Assignment. Reproduce, unchanged, the lines between the one holding "Nhà thơ Nguyễn" and the last line of the records, including both ends, but no pictures.

Material for this task.
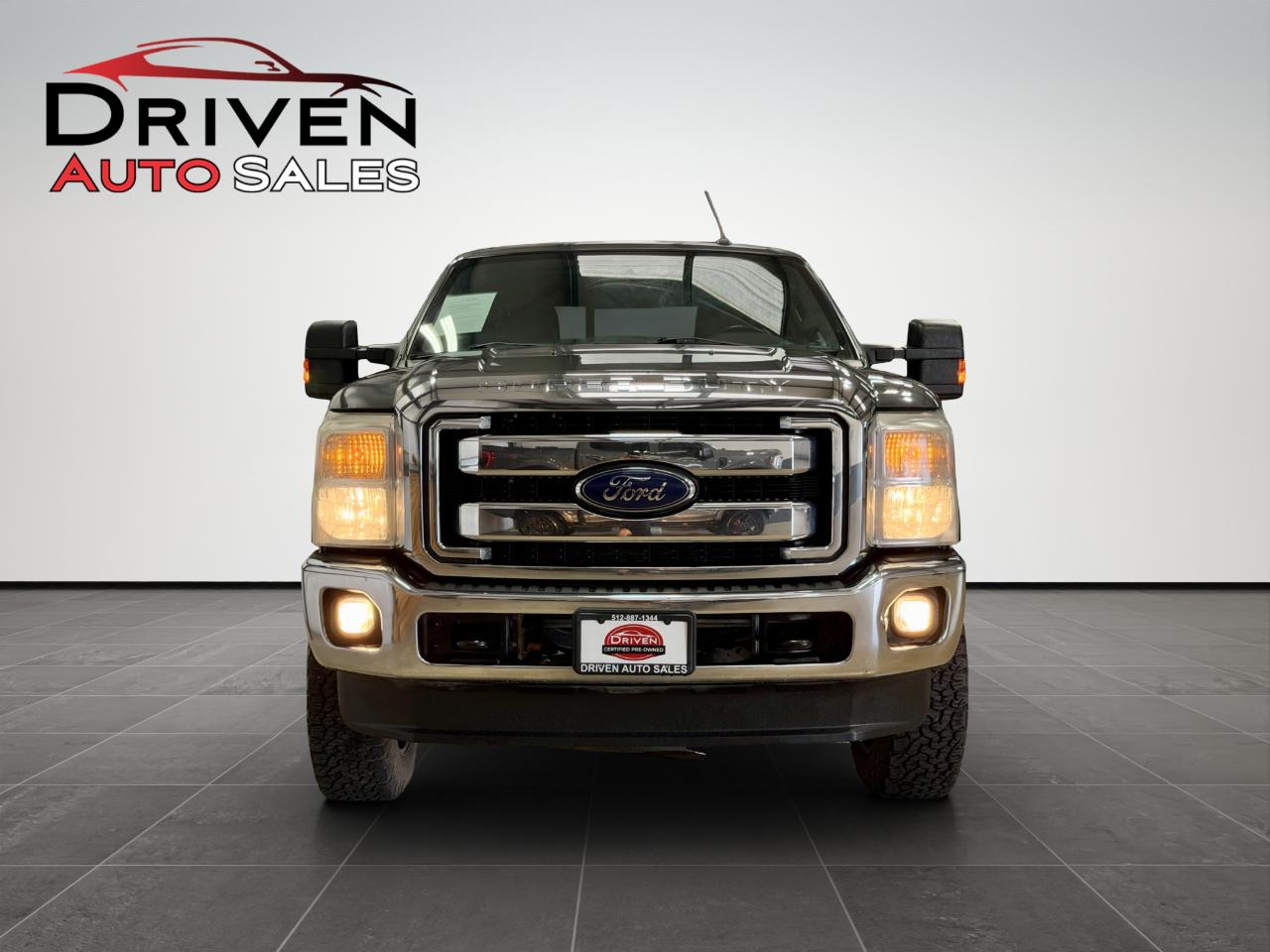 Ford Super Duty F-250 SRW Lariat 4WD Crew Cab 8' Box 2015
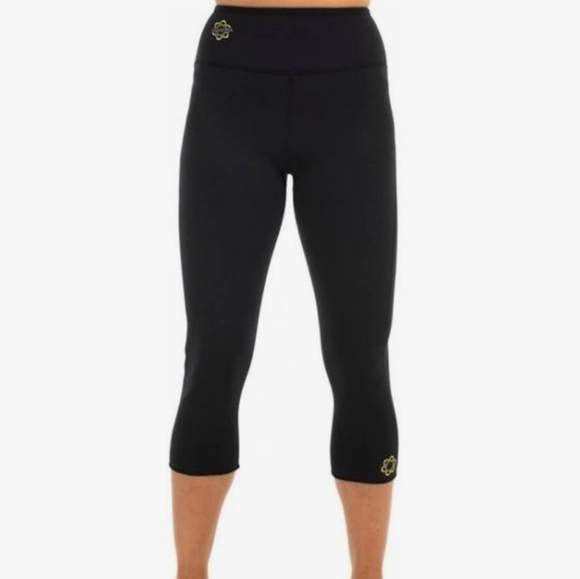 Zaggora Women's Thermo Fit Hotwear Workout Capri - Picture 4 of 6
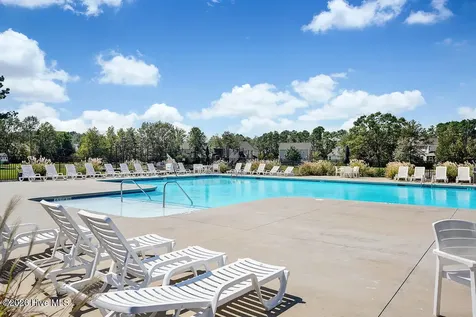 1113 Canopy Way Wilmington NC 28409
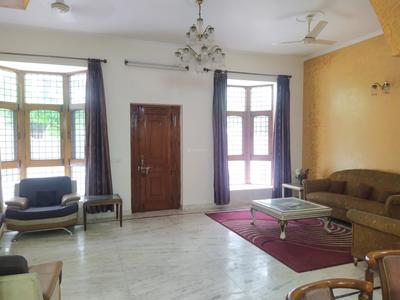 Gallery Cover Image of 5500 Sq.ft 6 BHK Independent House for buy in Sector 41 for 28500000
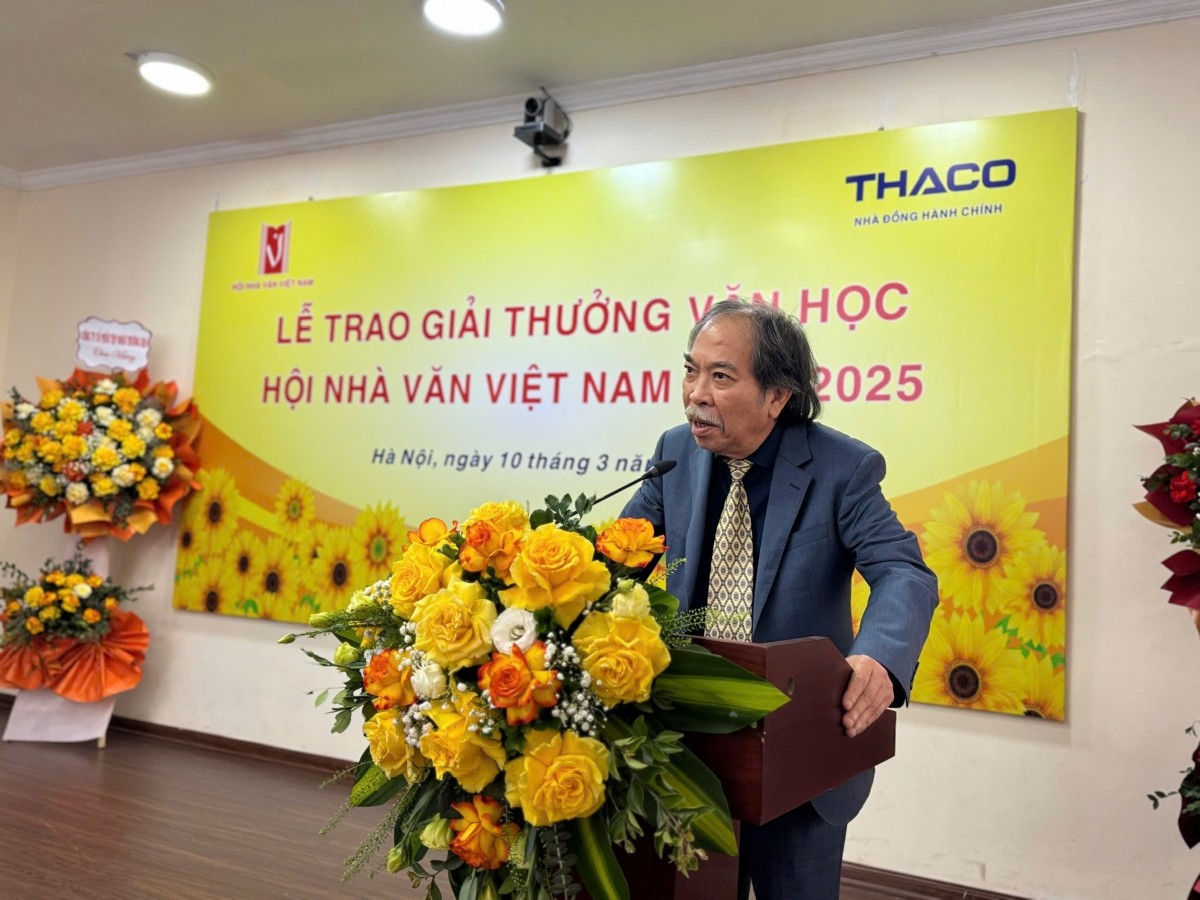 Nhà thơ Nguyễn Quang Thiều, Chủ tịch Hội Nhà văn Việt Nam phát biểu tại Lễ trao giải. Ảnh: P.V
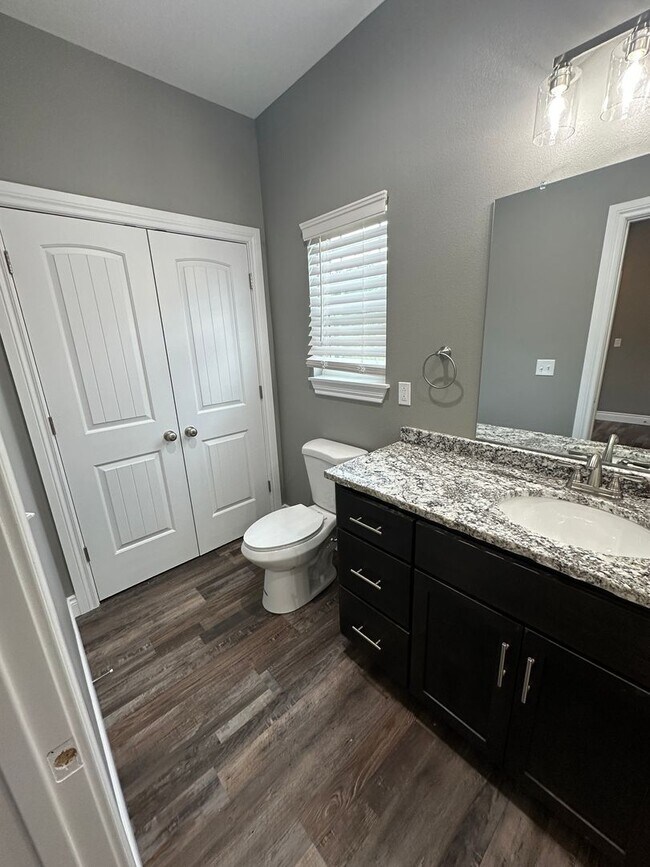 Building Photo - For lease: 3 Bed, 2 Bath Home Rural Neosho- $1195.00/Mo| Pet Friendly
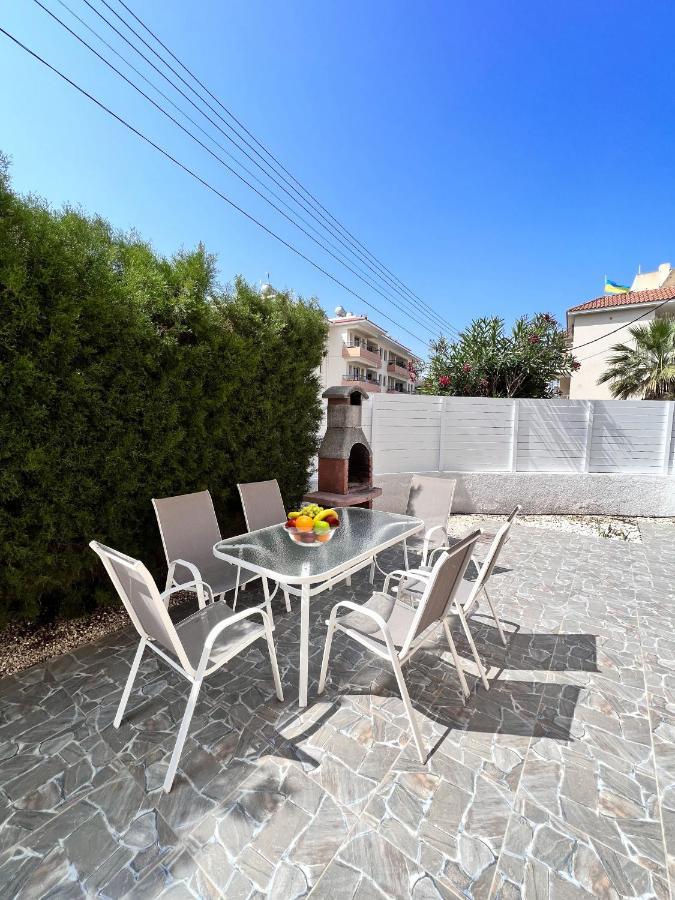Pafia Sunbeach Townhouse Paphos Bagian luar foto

Exercise output.
 Nhà thơ Nguyễn Quang Thiều, Chủ tịch Hội Nhà văn Việt Nam phát biểu tại Lễ trao giải. Ảnh: P.V
 Building Photo - For lease: 3 Bed, 2 Bath Home Rural Neosho- $1195.00/Mo| Pet Friendly
Pafia Sunbeach Townhouse Paphos Bagian luar foto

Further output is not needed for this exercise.